Per entrare davvero sottopelle al lettore, facendolo uscire dai soliti schemi attraverso cui viene abitualmente narrato il fenomeno migratorio, l’autrice ha scelto di mettergli davanti agli occhi l’esperienza concreta di tante donne arrivate nel nostro Paese negli ultimi decenni, filtrata attraverso il suo sguardo: quello di una donna che per anni ha collaborato con il Centro di prima accoglienza di Castelnuovo di Porto, in provincia di Roma, insegnando la lingua italiana.
È una scelta non casuale quella di insistere su protagoniste femminili, dal momento che spesso si trovano in una situazione di duplice debolezza, maltrattate sia dal Paese in cui cercano rifugio, etichettate in base alla loro provenienza, sia dalle famiglie cui si ricongiungono, vittime di una mentalità̀ patriarcale di cui non sempre è facile liberarsi.

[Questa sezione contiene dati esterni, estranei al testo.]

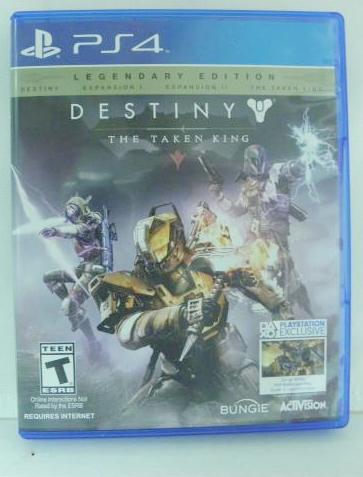 PS4 Destiny The Taken King Legendary Edition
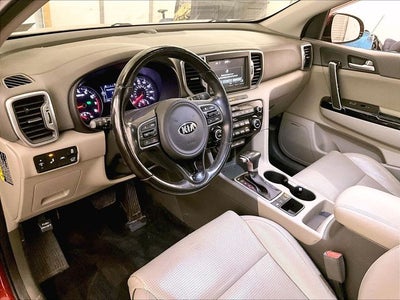 2018 Kia Sportage EX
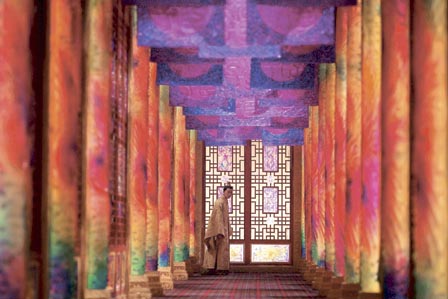 <黃金甲>3.6億打造大唐盛況(圖)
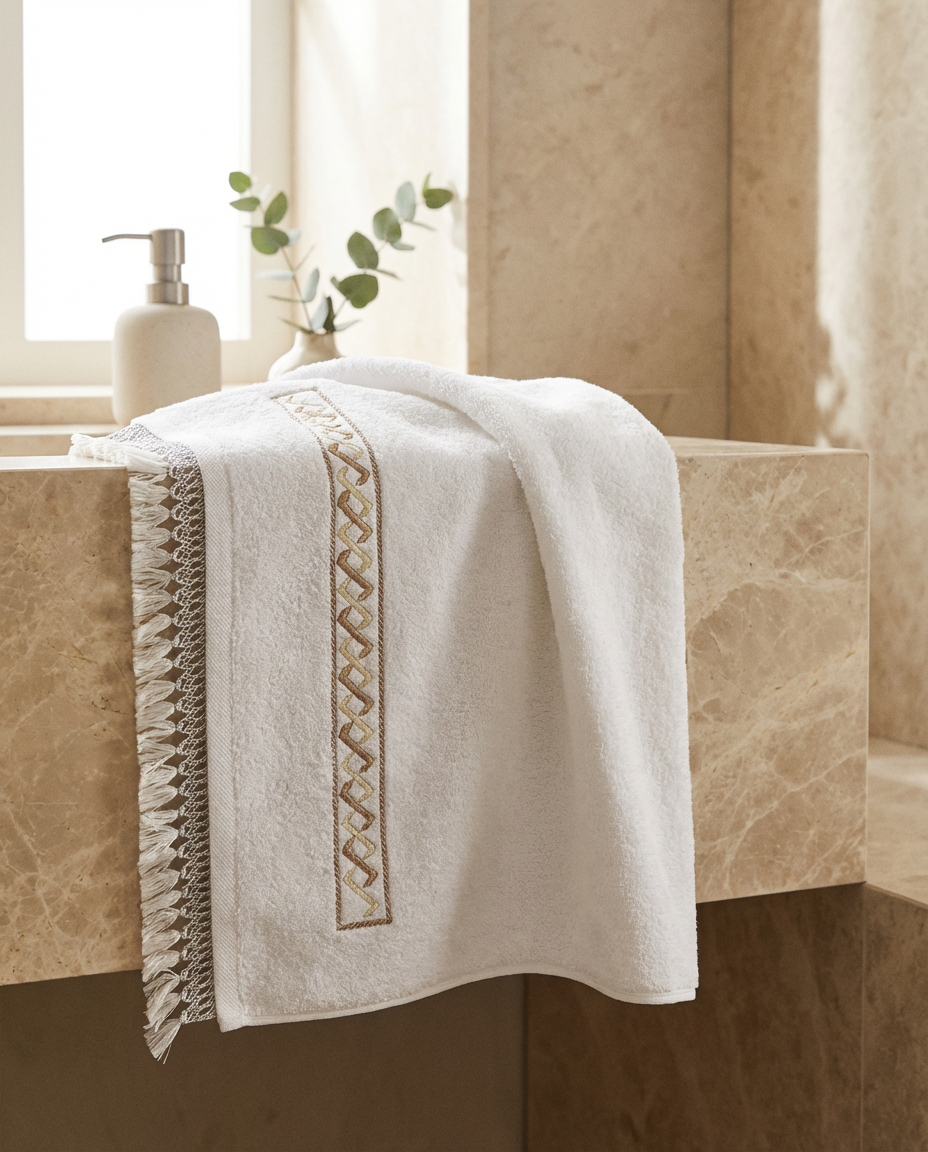 Serviette de bain 50x90cm - Collection Signature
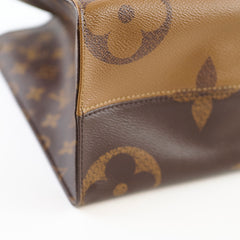 Louis Vuitton On The Go MM Reverse Monogram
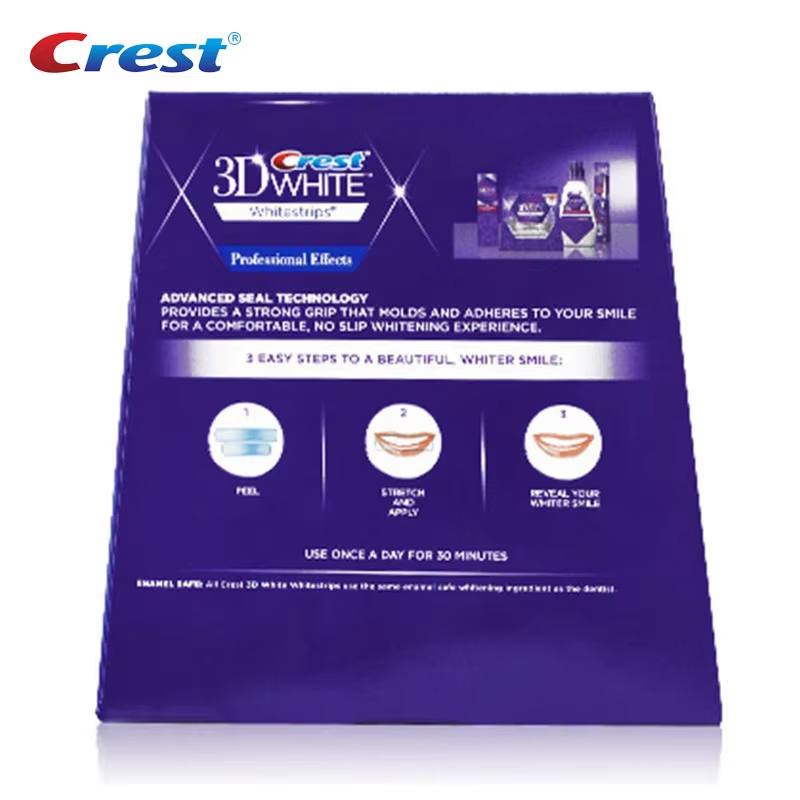 Crest 3D White Strips Tandblee - Teeth Whitening Effects recensie en prijs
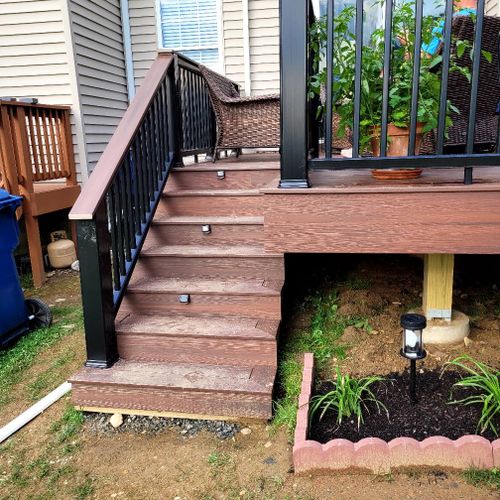 Deck & Patio Installation for Canfield Builders, LLC in Chester County, Pennsylvania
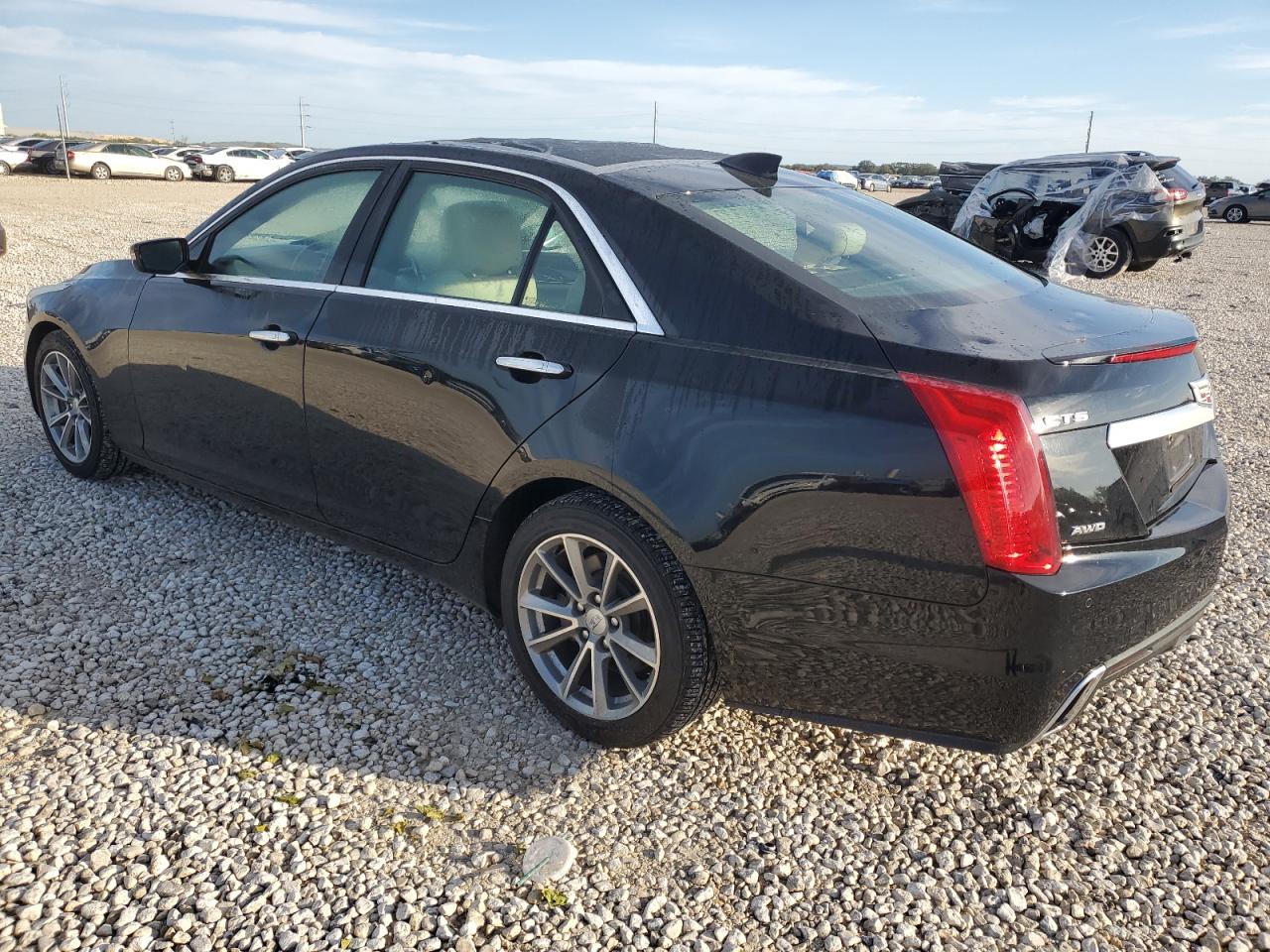 1G6AX5SS0K0132046 2019 Cadillac Cts Luxury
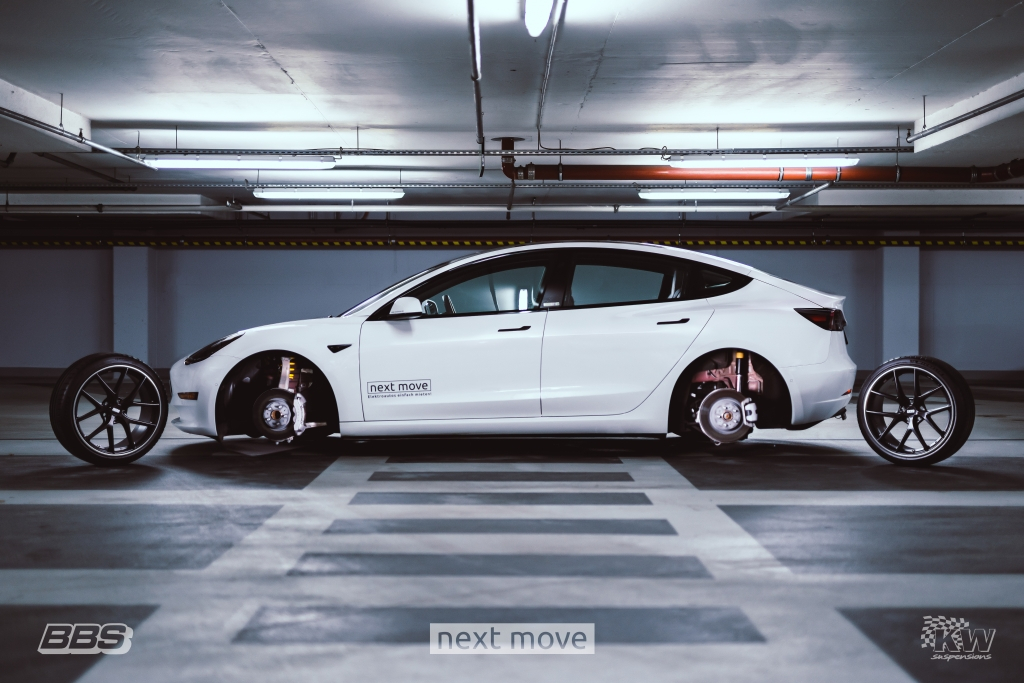 Tesla model 3 coilovers hotsell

Ogni passo del libro sembra una liberazione da pregiudizi e limitazioni, una dimostrazione esatta di come la donna, storicamente relegata a un ruolo domestico, possa imprimere il proprio segno in ogni ambito della società̀: così la cinese Hu Lanbo diventa imprenditrice e scrittrice di successo; la colombiana Margarita inizia a lavorare per il celebre stilista Valentino per poi aprire un proprio atelier, senza mai dimenticare il proprio ruolo di madre e protettrice; la moldava Silvia costruisce un ponte immaginario tra l’Italia e il suo Paese d’origine per offrire cure e sostegno a chi ha bisogno di protesi artificiali. E viene provato, man mano che si procede nella lettura, quanto sia impossibile parlare di migranti come di un insieme indistinto. Esistono i singoli migranti, ognuno con le proprie motivazioni a condurlo lontano da casa. C’è chi arriva per semplice curiosità̀ o amore per l’Italia, come la camerunense Nadege, e chi non sarebbe mai voluta venire nella nostra penisola, come l’indiana Ambili, che poi deciderà di trapiantare la sua Bollywood a Roma. Ci sono storie di accoglienza positiva (e per fortuna non sono casi isolati) o di accoglienza promessa e poi negata da chi lucra sulla pelle di chi si trova in condizione di debolezza. È il caso della moldava Maria Oglinda, alla quale l’autrice sceglie di lasciare una narrazione in prima persona per far arrivare questa storia di sfruttamento e inganno come un pugno nello stomaco del lettore.

Un libro da leggere per riuscire a mettere a fuoco un argomento così delicato senza cadere in estremismi da stadio o in ragionamenti astratti, per ricordare che dietro ogni possibile analisi ci sono i volti di tanti uomini o, come in questo caso, di tante donne. Di tanti esseri umani, come noi.